Now, every bowler worth his salt worked on a slower ball. Some clues were derived from baseball, some from the past. The cutters and the slower bouncers were soon overtaken by the back-of-the-hand and knuckleball varieties. The split-finger variation had limited success.
With reverse swing starting to go out of the game due to two balls being used from either end, the change of pace has become vital for bowlers.
The faster the game got, the harder the batters tried to hit and the more easily they got suckered into playing the false shot. The trick, though, was always in the set-up.
A different timing
Australian all-rounder Ian ‘The Freak’ Harvey could reportedly bowl a different kind of slower delivery for every ball in an over but he believed that the most important thing was knowing when to bowl it.
And that is an art Jasprit Bumrah seems to have mastered. From the slower ball that got Shaun Marsh out at the MCG to set up India's first-ever Test series win in Australia in 2018 to the off-cutter that foxed Mohammad Rizwan in Ahmedabad on Saturday, the India pacer just has the knack of landing the sucker punch.
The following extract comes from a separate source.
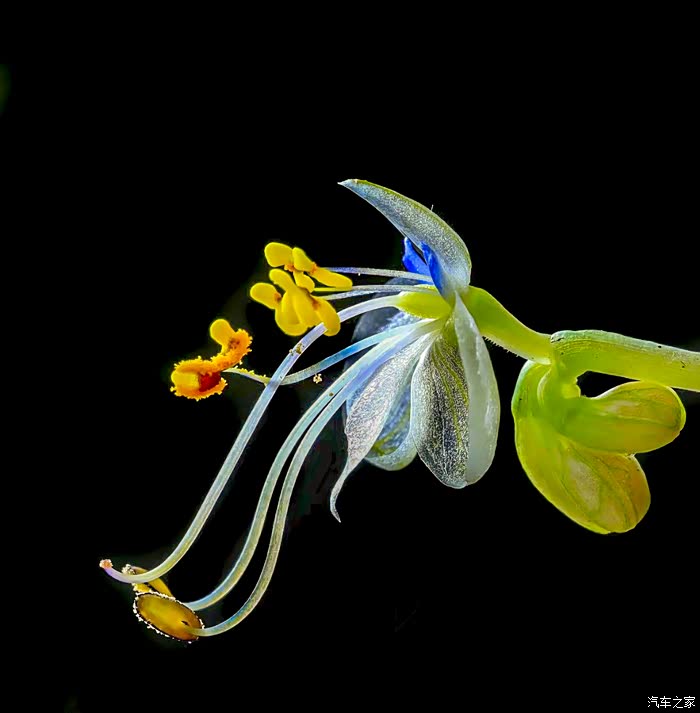 再次学拍紫花鸭跖草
“When I was young, I used to ask a lot of questions, so that has helped me develop a lot of knowledge,” said Bumrah after India’s seven-wicket win over Pakistan. “I like to read the wickets and try a lot of options.”
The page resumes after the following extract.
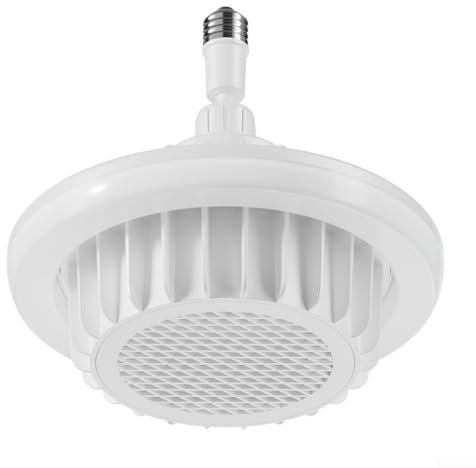 XLDZ Bathroom Ceiling Fan Heater with PTC Ceramic Lighting - Fast Heat for Indoor Shower Room, Energy-Efficient Combo(White(220v))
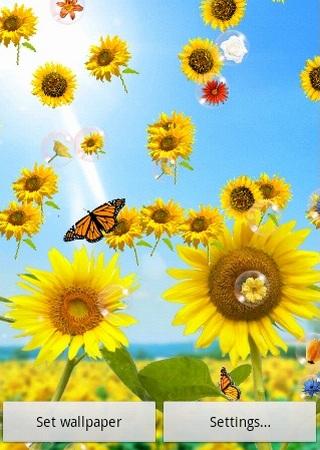Flowers Live Wallpaper - Android Apps on Google Play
When asked about Rizwan's wicket, he said: “I saw Jaddu’s ball was turning, so I count my slower ball as a spinner’s slower ball. I thought that can make the run-scoring tough and it worked. Sometimes it goes that way.”
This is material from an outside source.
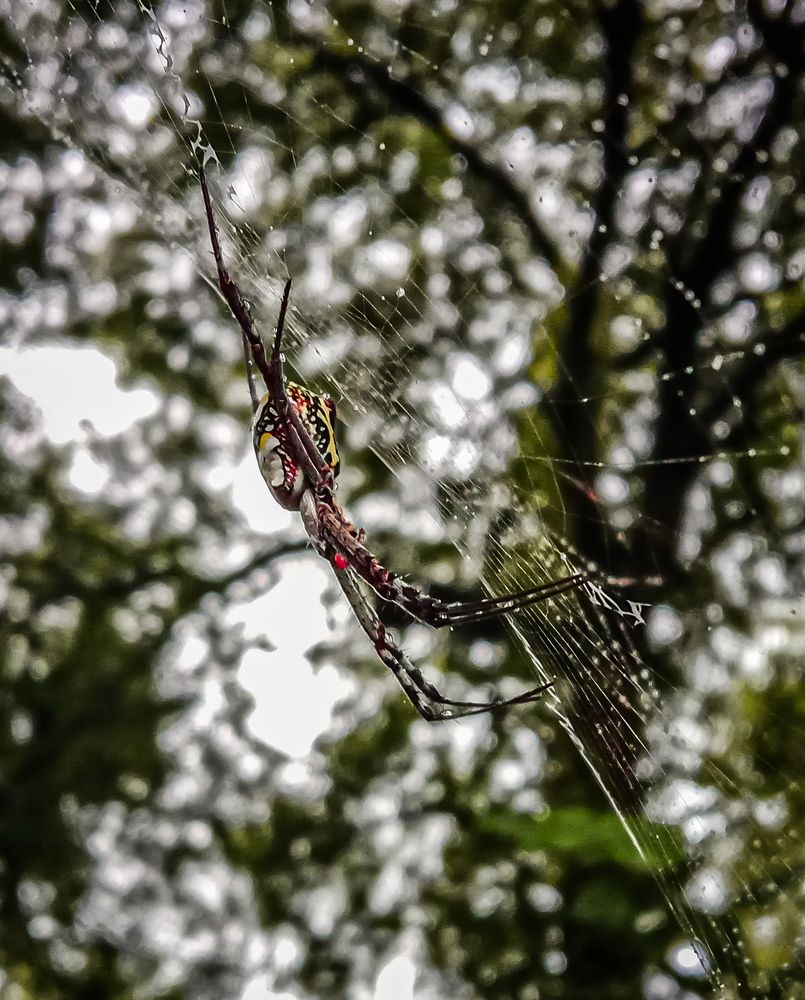 Photograph by Kishan Upadhyay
The great trick, though, is to keep the batter guessing. For that to happen, you need to assess the conditions, understand the game situation and get your field right. Everything can be used to plant a fresh doubt in the mind of the batter or simply make them complacent. Send them one way and strike from the other. It is a game of bluff and everything counts.
Dwayne Bravo earned his chops thanks to the slower ball, Chris Carins’ delivery would almost drop on to the batters (search for Chris Read), Zaheer Khan's knuckleball was just as special while Venkatesh Prasad’s leg-cutter took some getting used to.
Much of what Lasith Malinga taught Bumrah during their days at Mumbai Indians is the base but so much more has been added on top of it by the India pacer.
In Malinga’s case, the set-up was more basic. High pace followed by the off-cutter. It worked because the pace demanded that batters get into their shots early. Bumrah doesn’t have the same pace, but his movement and subtle changes of angle help him manoeuvre the batter into a corner.
It doesn’t always work but when it does, it leaves the batter looking like someone who had picked up the bat for the first time. Rizwan did not look like someone who was batting on 49, rather he looked like an embarrassed amateur.
The same ball may not have worked as well in Australia or England but here it gripped and completely tilted the match towards the home team. It was, in the minds of many Indians, more than just a little change of pace.